È un Natale di guerra in Palestina, senza luci e addobbi e senza quel clima di festa e di pace che caratterizza questa notte e questo giorno, unico, per chi crede (ma anche per chi non crede).
E l’ISTESS, l’istituto studi teologici e storico-sociali di Terni ha deciso di ambientare diversamente dal solito il suo presepe esposto presso il cenacolo san Marco. Lo ha ambientato in una zona di guerra. D’altra parte Gesù è nato lì dove oggi c’è la guerra. Gesù pertanto non nasce nella mangiatoia, no, nasce tra un cumulo di macerie in una capanna circondata, accerchiata da carri armati e soldati. Nasce alla presenza di Maria, san Giuseppe non c’è. Non ci sono i pastori, che sono stati uccisi, né i Re Magi, né la stella cometa.
L’impegno dell’Istess per la pace era già emerso forte durante l’ultima edizione del Terni Film Festival Popoli e Religioni con un chiaro messaggio di speranza inviato al mondo da Terni.
“Abbiamo rappresentato l’immane tragedia che si sta consumando in Palestina, a Gaza, a Betlemme, in Cisgiordania – afferma il direttore di Istess Arnaldo Casali – i pastori sono stati uccisi così come gli animali che giacciono sul terreno. Al loro posto ci sono i soldati e i carri armati che hanno sostituito i cammelli”.
“L’assenza di san Giuseppe – aggiunge Casali – sta a simboleggiare la divisione delle famiglie provocata dalla guerra. Il nostro presepe è in relazione con il primo presepe di san Francesco a Greccio che volle sottolineare il disagio in cui nasceva Gesù, le circostanze drammatiche, nella privazione e nella sofferenza in cui è venuto al mondo. Direi che è, come quello di san Francesco, essenziale”.
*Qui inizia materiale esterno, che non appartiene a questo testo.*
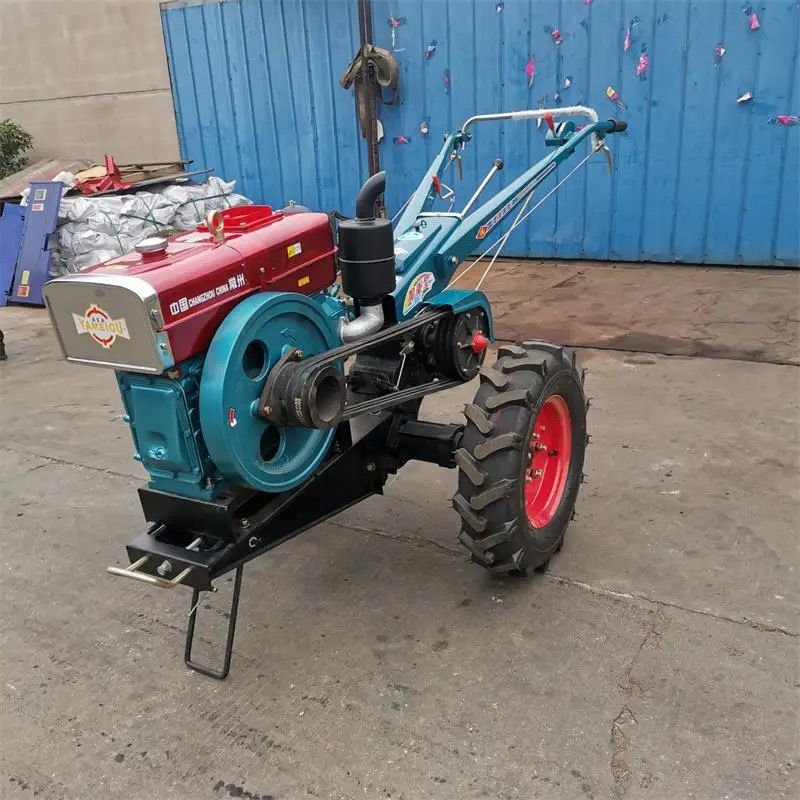 New 15HP Diesel Cultivator Cultivating Tractor Combiner Power Tiller Two Wheel Mini Walking Hand Tractor for Farm Work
A Gaza, a Betlemme, il dramma è di uomini, donne, anziani e bambini, morti a decine di migliaia senza che il mondo potesse (o volesse) impedire questa tragedia. Niente alberi di Natale, niente luci, solo distruzione e morte. Il Natale è stato cancellato dalle bombe e dai missili.
“Abbiamo una rimozione del lutto in questo momento – aggiunge Casali – giriamo lo sguardo dalla tragedia che si sta consumando nelle terre dove nacque Gesù perché non deve distrarci dal clima di festa che stiamo vivendo. Ma il Natale è ben altro rispetto ai soli regali, al panettone, agli addobbi, alle luminarie, dovremmo riscoprirne il significato”.
“Ma a ben vedere – dice ancora Casali – un segno di speranza, a volerlo cercare, c’è ed è rappresentato dal fatto che la capanna dove nasce Gesù è rimasta in piedi. Come in piedi è ancora rimasta la fede di milioni di persone”.